Trata-se de agravo contra decisão que indeferiu a tutela antecipada postulada pelos agravantes, em causa na qual pretendem rescindir contrato que celebraram com a agravada. Por força do referido contrato, inscreveram-se para participar de programa de televisão, de natureza competitiva, chamado “Ídolos”, tendo sido eliminados da competição. Afirmam os postulantes que durante a gravação das cenas em que foram eliminados foram assacados com afirmações desonrosas, violadoras de sua dignidade. Sustentam, ainda, que há no contrato cláusula nula, por violar os princípios gerais do direito civil e a dignidade da pessoa humana.
O juízo de primeiro grau indeferiu a tutela antecipada por entender não haver nos autos elementos suficientes para a formação de convencimento acerca da matéria debatida nos autos.
No agravo, afirmam os recorrentes que sua pretensão principal é a de desconstituição do contrato celebrado, e que – uma vez obtida tal desconstituição – não seria mais possível à agravada valer-se da imagem dos agravantes, o que justifica a antecipação de tutela postulada. Pedem, então, a reforma da decisão agravada.
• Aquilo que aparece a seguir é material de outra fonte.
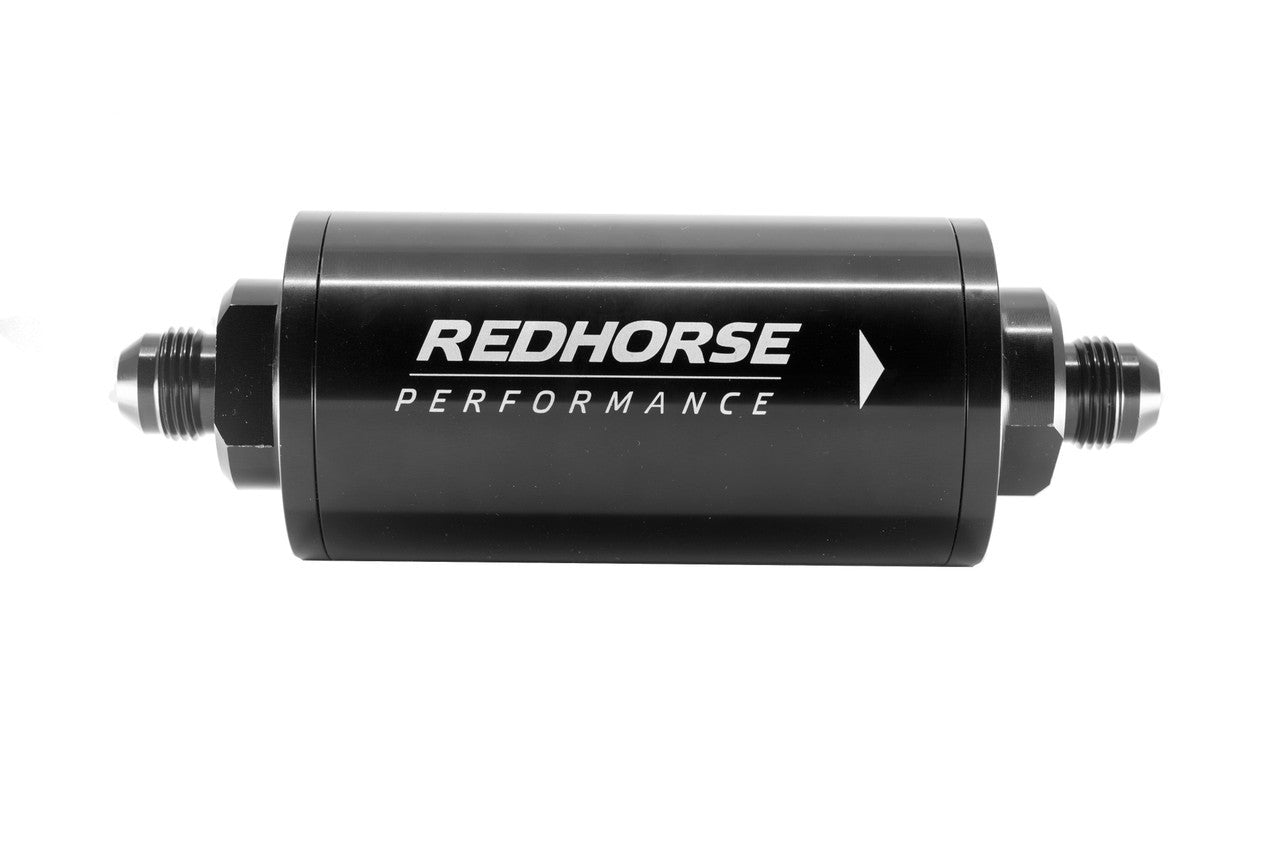 10AN Fuel Filter Black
Não tendo ainda havido a citação da ré, não há que se cogitar de contrarrazões.
Este o relatório do essencial. Passa-se à decisão.
Os agravantes inscreveram-se para participar de um programa televisivo desses que têm sido chamados de reality shows. Uma vez inscritos, passam a disputar uma competição para cujos vencedores são oferecidos vultosos prêmios. Ocorre que, tendo sido eliminados os agravantes, não querem agora submeter-se a ver sua imagem exposta em rede nacional de televisão. Para isso, postulam a desconstituição do contrato que celebraram, apontando cláusulas (especialmente a 9ª) que violariam princípios gerais do direito brasileiro, como a boa-fé e a dignidade da pessoa humana.
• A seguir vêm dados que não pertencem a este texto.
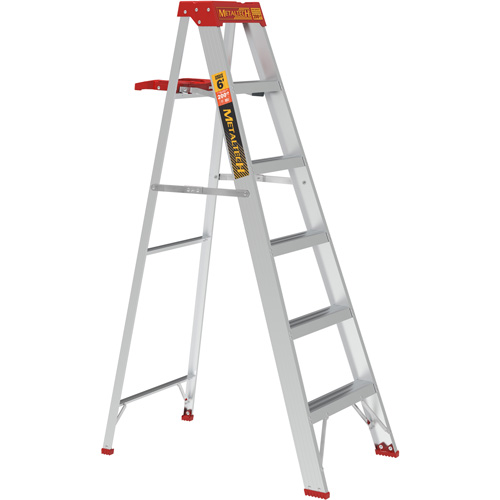 Step Ladder with Paint Tray, 6', Aluminum, 200 lbs. Capacity, Type 3 Helyx Safety & Industrial Supplies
Da cláusula impugnada extrai-se o seguinte trecho, destacado pelos recorrentes:
“(…) o participante entende que poderá revelar e que outras partes poderão revelar informações sobre ele de natureza pessoal, particular, vergonhosa e não favorável. Entende que a contribuição ao programa poderá ser explorada de forma pejorativa, vergonhosa e/ou de forma desfavorável (…)”.
Sobre o tema, vale trazer à colação ensinamento do eminente constitucionalista, professor titular da Faculdade de Direito da Universidade de São Paulo, Virgílio Afonso da Silva (“Direitos fundamentais e relações entre particulares”, in Revista DireitoGV, vol. 1, n. 1, maio 2005, pp. 176 – 177):
“(…) aqueles que participam dos chamados reality shows, tão em voga nas emissoras de televisão no Brasil e no mundo, o fazem com base no exercício de sua autonomia da vontade. Esse exercício acarreta, sem dúvida, restrições a direitos fundamentais, especialmente ao de privacidade. A desigualdade material entre, por exemplo, a Rede Globo, uma das maiores empresas de comunicação do mundo, e os participantes de seu reality show é inegável. Isso não significa, contudo, que haja uma necessidade de intervir nessa relação para proteger direitos fundamentais restringidos: a desigualdade material não interfere, necessariamente, na autenticidade das vontades.
“Com isso, quero salientar que o recurso a desigualdades (fática e material), ainda que possa ser usado como elemento da argumentação jurídica nesse âmbito, deve ser encarado com extrema reserva.Parece-me que o decisivo é a sinceridade no exercício da autonomia privada, que não necessariamente terá alguma relação com desigualdades externas a ela”.
Ora, não pode haver dúvida de que os agravantes sabiam, exatamente, no que estavam se inscrevendo ao lançar-se como candidatos do reality show. Além disso, manifestaram sinceramente suas vontades, tanto que não buscam a anulação do negócio jurídico por vício de consentimento, mas sua “rescisão”. E quem se inscreve em um reality show sabe, exatamente, o que lhe espera. A exposição a que seriam submetidos era conhecida, e a ela sinceramente se submeteram. Devem, pois, arcar agora com as consequências de seus atos.
Assim sendo, não se vislumbra a presença de elementos que permitam a formação de um juízo de probabilidade em favor dos recorrentes que permitisse a afirmação de ser provável que tenham eles razão em suas demandas.
Diante do exposto, é de se ter por manifestamente improcedente o agravo de instrumento, ao qual se nega seguimento liminarmente, na forma do art. 557 do CPC.
Rio de Janeiro, 11 de abril de 2011.